Review: The Motherfucker with the Hat

Stephen Adly Guirgis’s jittery comedy is alert to the struggles and supports of melting-pot New York. Its first Irish staging from Orion Productions tries to do justice to its voice

Sinéad O’Riordan and Andrew Lynch

Sinéad O’Riordan and Andrew Lynch

 

The New Theatre, Dublin

****

 

Don’t let the title fool you; the language of Stephen Adly Guirgis’s 2011 play is hardly impoverished.
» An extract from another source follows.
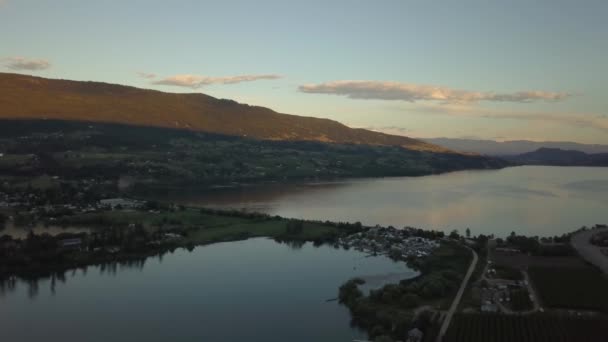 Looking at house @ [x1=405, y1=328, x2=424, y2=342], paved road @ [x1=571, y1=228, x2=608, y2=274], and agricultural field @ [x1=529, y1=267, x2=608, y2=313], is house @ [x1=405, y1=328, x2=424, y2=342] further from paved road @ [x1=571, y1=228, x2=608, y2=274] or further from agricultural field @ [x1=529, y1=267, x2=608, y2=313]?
paved road @ [x1=571, y1=228, x2=608, y2=274]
Just listen to how Jackie (Andrew Lynch) – recently out of jail, newly sober and just employed – greets his girlfriend, Veronica (Sinéad O’Riordan): “These flowers are for my Beautiful Boriqua Taino Mamacita Love Me Long Time Princess fuckin’ Beauty Queen.”

That brocade of endearment emphatically announces a Puerto Rican voice in New York, so specific, at times, that Guirgis has offered some dispensation to overseas productions: “Don’t worry about trying to ‘be’ Puerto Rican,” he wrote. It’s useful advice for Orion Productions, which has the energy and attention to detail for this hyperkinetic comedy of struggle, suspicion and support in contemporary America, but a cast as ethnically diverse as The Nolans.

Instead, race is largely indicated through impersonation and deep tan, which could become a distraction were it not for director Aoife Spillane-Hinks’s alertness to social rhythm and nuance. Preserving any kind of balance is the challenge of Guirgis’s play, where Jackie, enraged by a stray hat in his bedroom, confronts his cocaine-addict girlfriend, now defending her virtue with a broken vodka bottle. It’s a jittery play where comedy might turn nasty any moment. A moment later, in a fine performance, O’Riordan’s Veronica suggests going out for pie, where “cooler heads could prevail”.

The coolest head belongs to Ralph, Jackie’s sponsor, who is 15 years clean and as dirty as they come. “Guess what?” an enjoyably smug Peter Gaynor says about his love for yoga and nutritional beverages, “I’m an asshole” – which his polo shirts and chinos make clear. When things go awry, they seek help from Frankie’s cousin Julio, fascinatingly ambiguous in his sexuality and even more so in his cooking. Written closer to Hispanic caricature, the part invites Rex Ryan to go over the top, and although his accent veers towards parody, Ryan holds on to a strangely grounded sense of sensitivity and courtesy, and is rewarded with the best line in the play. “Leave the gun,” he snaps. “Take the empanadas.”

It’s funny how people can be more than one thing, realises Jackie, which is as far as epiphanies go in this male-dominated world of braggadocio and supposedly inviolable codes. But the play does ride the frazzled energy of contradiction. People fool themselves and each other; positive visualisation has negative implications; insincere seductions overshadow genuine acts of support; and the greatest wisdom is knowing when to quit. Spillane-Hinks expertly guides this chaotic music of “users” and deceivers, although nine successive scenes and laborious scene changes across three different spaces interrupt its fluidity.

That’s a meagre price to pay for a production of high ambition that constantly hints at how much more the world could achieve with the right support.